# Chosera #400 grt or Bestom #500?



## shankster (Jun 3, 2012)

I'm looking to pick up a lower grit stone to add to my line up.Both stones are available from a local purveyor(which I prefer).
The Beston is $56.00
The Chosera is $75.00.
Which one?


----------



## Iceman91 (Jun 3, 2012)

I have only used the beston 500, but i really like it. Cuts nice and fast and i haven't had an issue with it dishing too much. I think i paid around $45 for mine so its a pretty good deal. I have heard good things about the chosera too, just not sure if it is worth the extra money or not.

Mike


----------



## shankster (Jun 3, 2012)

Thanks Iceman.
$20.00 isn't much if there's a big difference in performance,but I'd rather put it towards other knife related purchases if not.


----------



## heldentenor (Jun 3, 2012)

I've used the Beston 500 as my coarse stone for years, and I recommend it. It let me cut fairly quickly and thus minimize the number of strokes to set a bevel--an important quality if there's any propensity to "wobble" in your sharpening. I have no experience with the Chosera but it's often spoken of highly. Another option would be the Gesshin 400 from Jon at JKI, but you would have to mail order it and it's a bit more expensive. 

They all sound like good options.


----------



## Mingooch (Jun 3, 2012)

I own both, like them both. I dont think there is enough of a difference to justify the extra cash if you have another use for it.


----------



## tk59 (Jun 3, 2012)

The Beston is just as good. The only stone in that grit range I like a lot better is the Gesshin 400. For more of a splash n go, I'd go with the Sigma Power 400.


----------



## shankster (Jun 4, 2012)

I've heard many people speak highly of the Gesshin line of stones,I wish they were available locally.
I really need to visit my niece in San Diego...


----------



## tk59 (Jun 4, 2012)

shankster said:


> I've heard many people speak highly of the Gesshin line of stones,I wish they were available locally.
> I really need to visit my niece in San Diego...

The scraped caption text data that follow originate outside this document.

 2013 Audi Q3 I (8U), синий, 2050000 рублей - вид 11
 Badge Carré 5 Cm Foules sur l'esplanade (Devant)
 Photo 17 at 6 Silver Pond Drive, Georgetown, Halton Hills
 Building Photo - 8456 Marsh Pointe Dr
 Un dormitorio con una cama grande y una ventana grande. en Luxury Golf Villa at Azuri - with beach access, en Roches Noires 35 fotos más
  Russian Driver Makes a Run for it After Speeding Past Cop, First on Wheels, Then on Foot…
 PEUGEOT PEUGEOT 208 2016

Haha. If you do, make sure you stop at JKI or if you can't make it up there, let me know and you can try a few of mine out.


----------



## labor of love (Jun 4, 2012)

Ya know alot of people suggest buying stones that work well with the rest of your stone progression. What stones do you have right now? I don't know much about the subject, I just stick with bester. But you might want to make sure you can cover the scratch patterns the bester or chosera makes with your next stone in line.


----------



## shankster (Jun 4, 2012)

tk59 said:


> Haha. If you do, make sure you stop at JKI or if you can't make it up there, let me know and you can try a few of mine out.

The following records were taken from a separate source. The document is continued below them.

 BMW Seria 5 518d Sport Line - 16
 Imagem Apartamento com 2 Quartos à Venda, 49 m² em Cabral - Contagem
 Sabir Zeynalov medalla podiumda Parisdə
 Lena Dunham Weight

That's a very generous offer tk,thanks! JKI is already one of my stops when I visit her.What is it,about an hours drive from SD?


----------



## shankster (Jun 4, 2012)

labor of love said:


> Ya know alot of people suggest buying stones that work well with the rest of your stone progression. What stones do you have right now? I don't know much about the subject, I just stick with bester. But you might want to make sure you can cover the scratch patterns the bester or chosera makes with your next stone in line.

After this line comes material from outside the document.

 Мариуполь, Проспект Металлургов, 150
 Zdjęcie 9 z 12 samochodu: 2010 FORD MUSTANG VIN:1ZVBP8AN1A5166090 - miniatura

Chosera 1k,Arashiyama 6k,balsa w/green crayon(till I get some spray) xxc diamond plate....


----------



## JBroida (Jun 4, 2012)

maybe an hour and a half in light traffic


----------



## JohnnyChance (Jun 4, 2012)

JBroida said:


> light traffic



Does that exist in socal?


----------



## JBroida (Jun 4, 2012)

on rare occasions 

also, i'm pretty sure my definition of "light" is different from yours


----------



## shankster (Jun 4, 2012)

I'm sure it's better than traffic in Toronto...


----------